▸ **The problem**
The reply should contain only the lines from the start of the records through the line with "Katin 100% cotton", reproduced verbatim and without pictures.
● ● ● ● ●
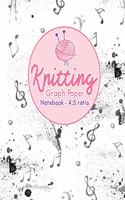 Knitting Graph Paper Notebook - 4: 5 Ratio: Knitters Graph Paper, Knitters Notebook, Blank Knitting Pattern Books, Asymmetric Knitting Designs Pages, Music Lover Cover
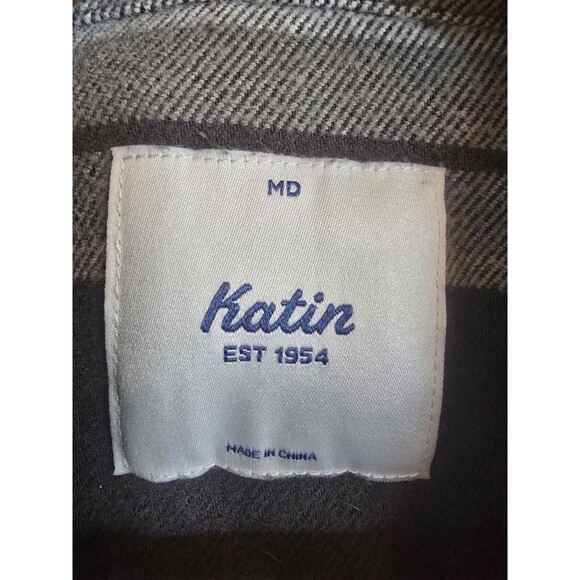 Katin 100% cotton men's size medium button up striped midweight flannel - Picture 2 of 8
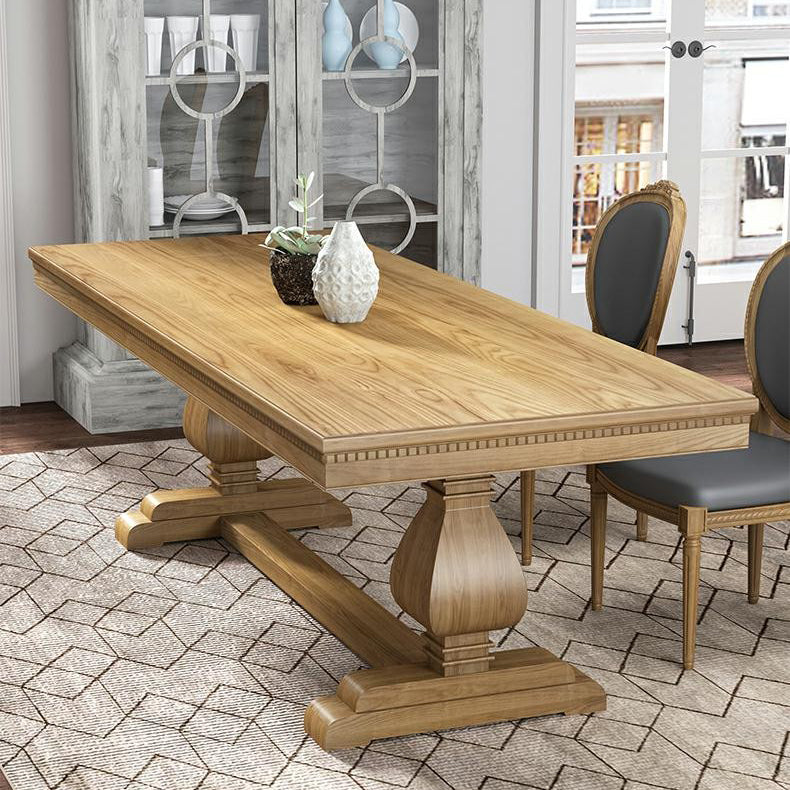 Mesa de comedor de madera maciza industrial mesa de cocina rectangular con base de caballete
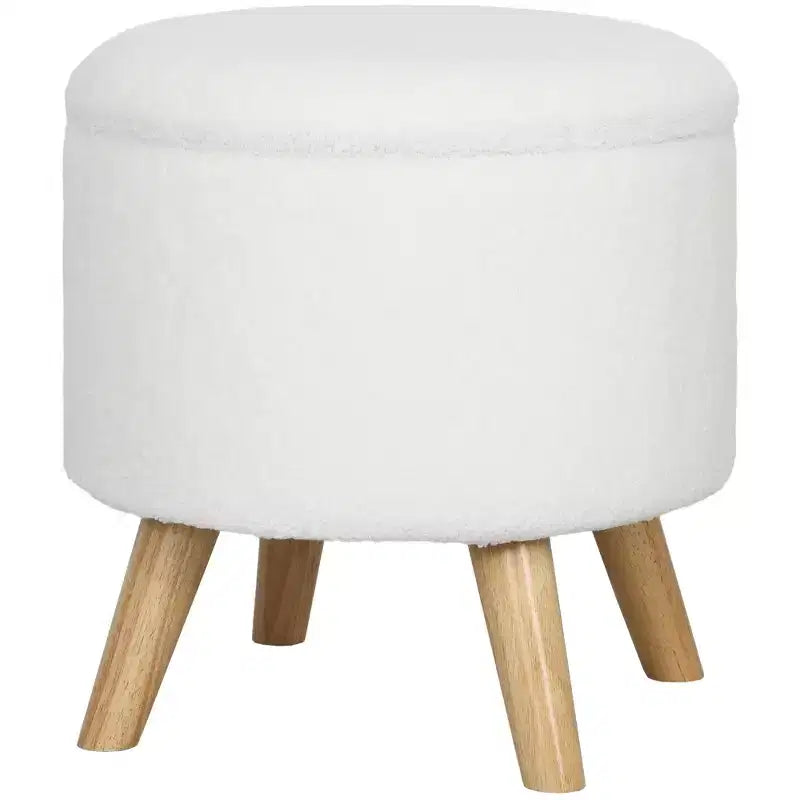 Pouf contenitore rotondo in lino | Poggiapiedi imbottito con contenitore nascosto e gambe in legno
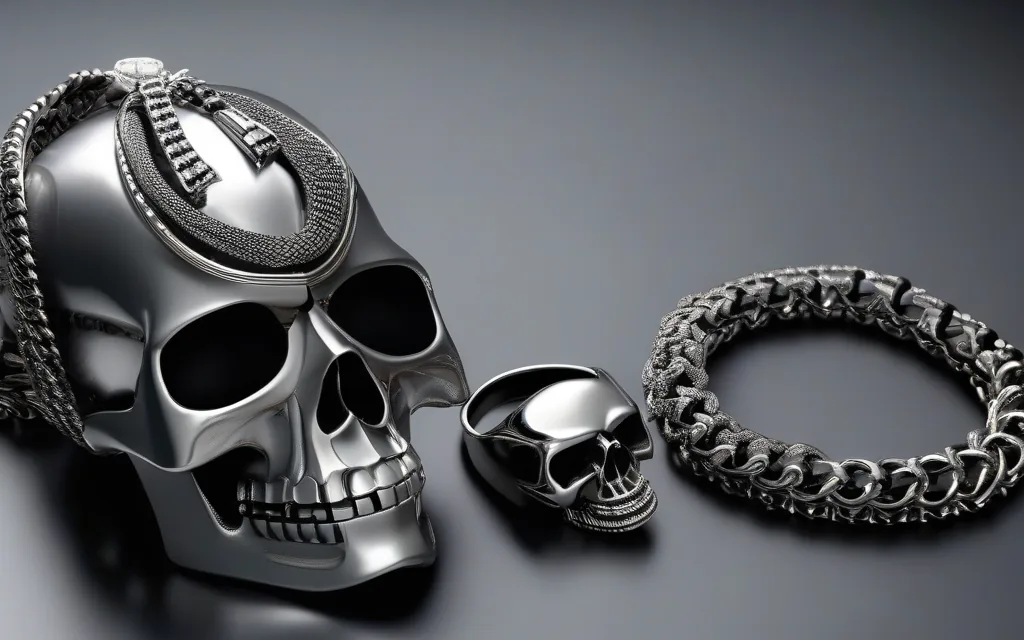 Skull jewelry accessories with rings necklaces bracelets and dark metal details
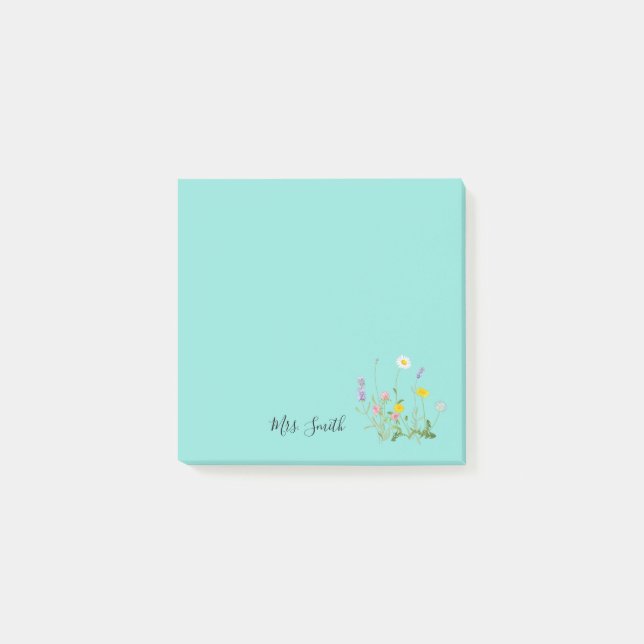  Custom Floral Monogram Teal Blue Post-it Notes (Front)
● ● ● ● ●
▸ **Answer to the problem**
 Knitting Graph Paper Notebook - 4: 5 Ratio: Knitters Graph Paper, Knitters Notebook, Blank Knitting Pattern Books, Asymmetric Knitting Designs Pages, Music Lover Cover
 Katin 100% cotton men's size medium button up striped midweight flannel - Picture 2 of 8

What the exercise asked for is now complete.